Ao criar imagens algorítmicas carregadas de conteúdo político, Cordeiro não abandonou a estética informacional para favorecer a semiótica. A estética informacional reconhecia seu status como uma abordagem “de baixo para cima” e não pretendia lidar com o significado, que, como Moles observou, “depende de um conjunto de convenções que são, a priori, tanto para receptor quanto para transmissor.” O que a estética informacional não abordava (nem reivindicava abordar) eram as chamadas por Cordeiro de “variáveis culturais”, ou o que Umberto Eco — cuja teoria informacional da “obra aberta” Cordeiro explicitamente referenciou no título de uma pintura de 1963 — chamava de “ponto de vista psicológico”. Isso inclui os elementos culturais e fatores contextuais que precedem o entendimento de uma obra concebida como ato comunicativo: as dimensões políticas, sociais e ideológicas. A estética informacional concentrava-se nas dimensões estruturais do signo — elementos que, ao contrário do significado, se prestam à formalização e ao controle. Essa postura pragmática de forma alguma torna a estética informacional apolítica. Seus defensores reconheciam um fato básico de que os melhores semióticos tendem a ignorar em sua leitura de imagens: não é possível prever o efeito ideológico de uma obra nem atribuir a ela um único significado político definitivo. A complexa arquitetura do signo impede qualquer leitura unidimensional.
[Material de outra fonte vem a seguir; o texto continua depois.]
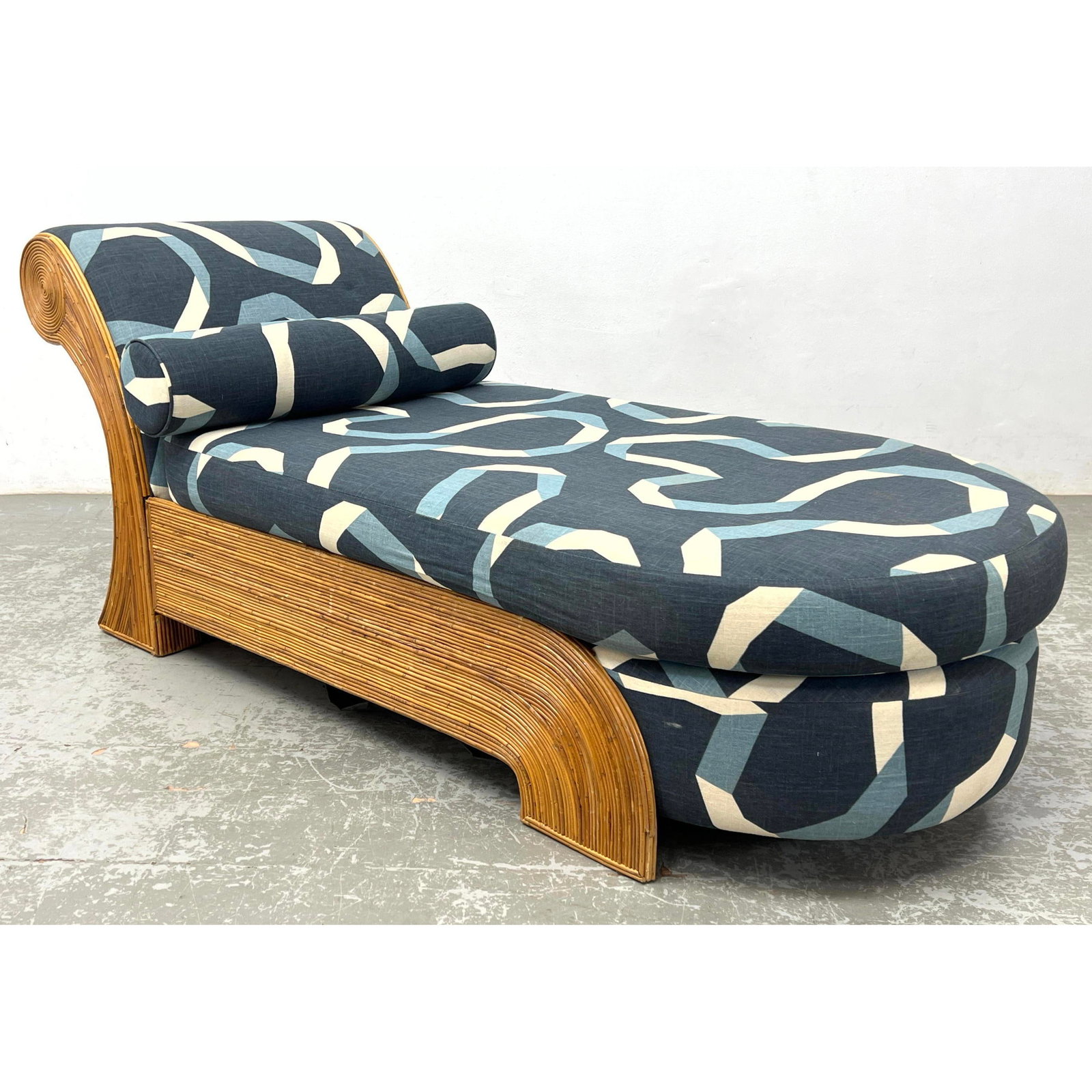Pencil Reed Chaise Lounge. Curved Lines. Graphic Upholstery and Bolster Pillow.: Pencil Reed Chaise Lounge. Curved Lines. Graphic Upholstery and Bolster Pillow. Dimensions: Height: 29 inches, Width: 29 inches, Depth: 66 inches. - Seat Height: 16.25 inches --- - We offer curbside d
Mesmo que um artista incorpore uma mensagem clara contra a guerra em uma obra, apoiadores fervorosos do conflito no Vietnã ainda a defenderiam — assim como eleitores de hoje, alimentados por notícias falsas, se apegam a suas crenças.
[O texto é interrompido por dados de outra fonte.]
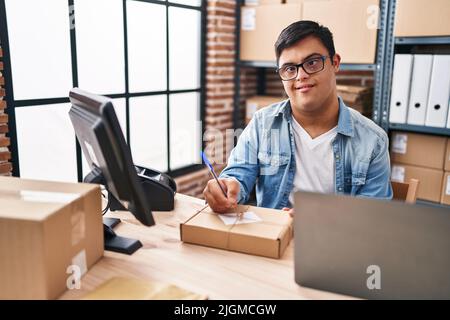 Down syndrome man ecommerce business worker writing on package at office Stock Photo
O status mitológico de Brigitte Bardot, as atrocidades da Guerra do Vietnã, o sofrimento eterno que ela causou: todos esses são significados que emergem das operações semióticas desencadeadas pela obscena conflação da imagem da guerra com a imagem ausente de um símbolo sexual a que somos convidados a imaginar. Ainda assim, esses não são os únicos significados que Cordeiro pretendia comunicar em A Mulher que Não É B.B.. A obra também comenta a imagem ausente do retrato digitalizado de Bardot, uma imagem algorítmica fundamental que reduziu os “encantos da heroína da feminilidade” a um monte de cartões perfurados. Ela busca ainda demonstrar como a infraestrutura em camadas do supersinal sustenta os significados complexos das imagens e, mais amplamente, quão sofisticado é, de fato, o ato de interpretar uma imagem. A Mulher que Não É B.B. não é, portanto, apenas uma demonstração semiótica nem apenas a práxis da estética informacional. É, na verdade, tanto um signo supercodificado que revela a complexidade das imagens no alvorecer da era digital, quanto participa dos ricos debates sobre como as imagens produzem significado, suscitando, por meio da experimentação, questões situadas na interseção entre estética, teoria da imagem, mídia de massa e tecnologia, que só se cristalizaram ao longo do século XX.